Problem
Return the first line of the listing below and all the lines after it through the one containing "Band Rings Fashion", exactly, without pictures.

Given data
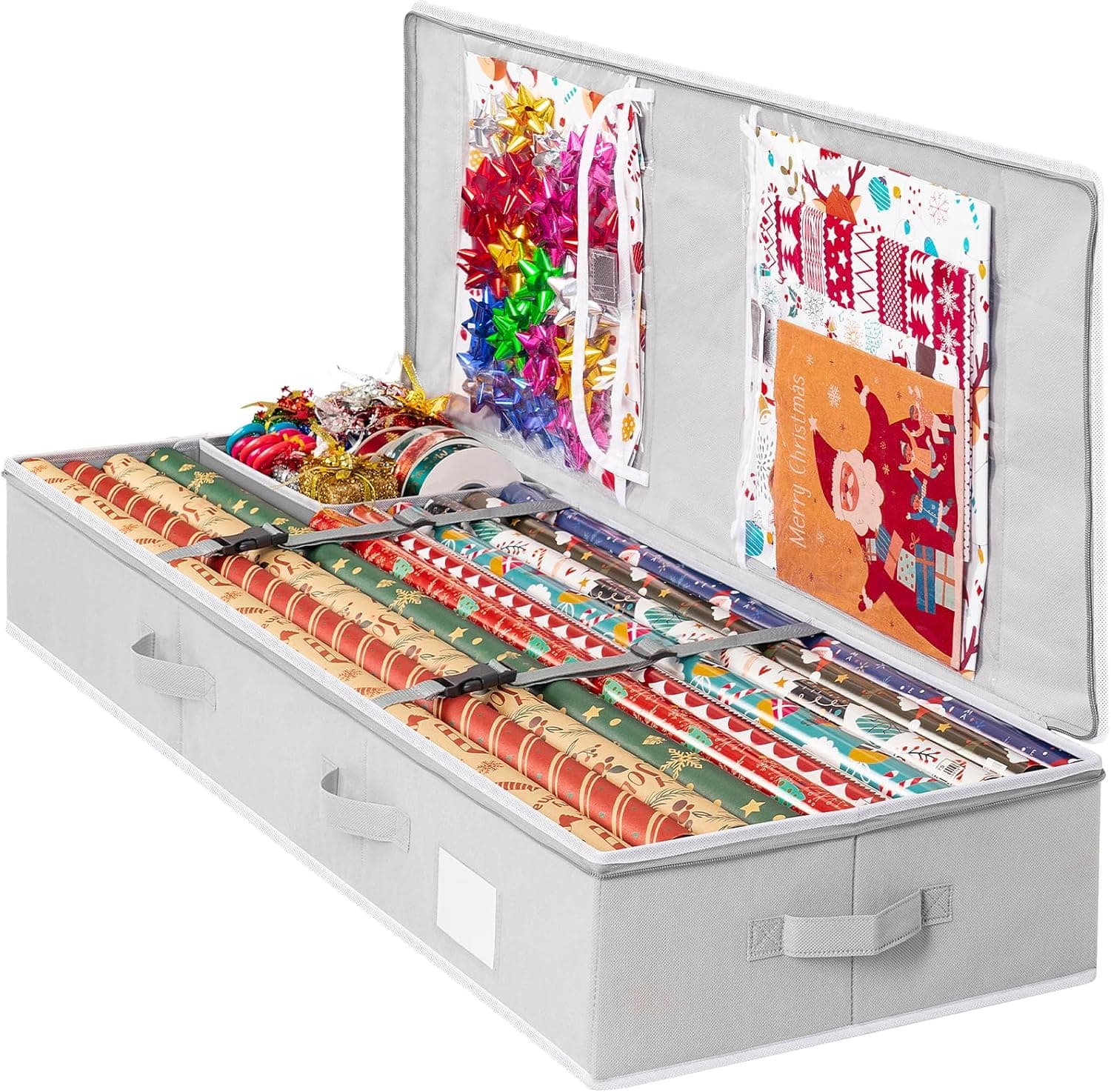 Criusia Christmas Gift Wrapping Paper Organizer Storage, Durable Underbed Storage Container Fits 24 Rolls, with Removable Dividers and Pockets for Ribbon, Ornaments, Holiday Accessories, Grey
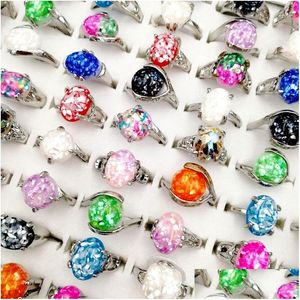 Band Rings Fashion 30Pcs/Lot 100% Natural Gemstone Ring Vintage Sier Shell Broken Metal Finger Fit Women And Men Charm Jewelry Party Dhvw6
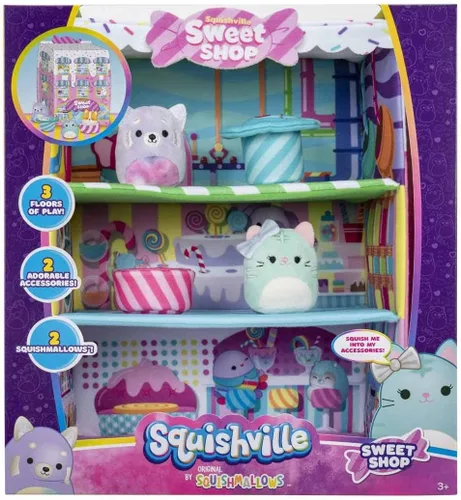 Vista 2 de Squishville de Original Squishmallows Sweet Shop - Set de juego con Priya la Panda Púrpura de 5 cm, Tres’zure el Gato Azul y Mesa y Silla de Bistro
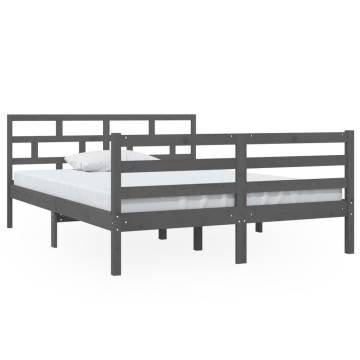 Grey Solid Pine Bed Frame 140x190 cm - Modern & Stylish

Result
 Criusia Christmas Gift Wrapping Paper Organizer Storage, Durable Underbed Storage Container Fits 24 Rolls, with Removable Dividers and Pockets for Ribbon, Ornaments, Holiday Accessories, Grey
 Band Rings Fashion 30Pcs/Lot 100% Natural Gemstone Ring Vintage Sier Shell Broken Metal Finger Fit Women And Men Charm Jewelry Party Dhvw6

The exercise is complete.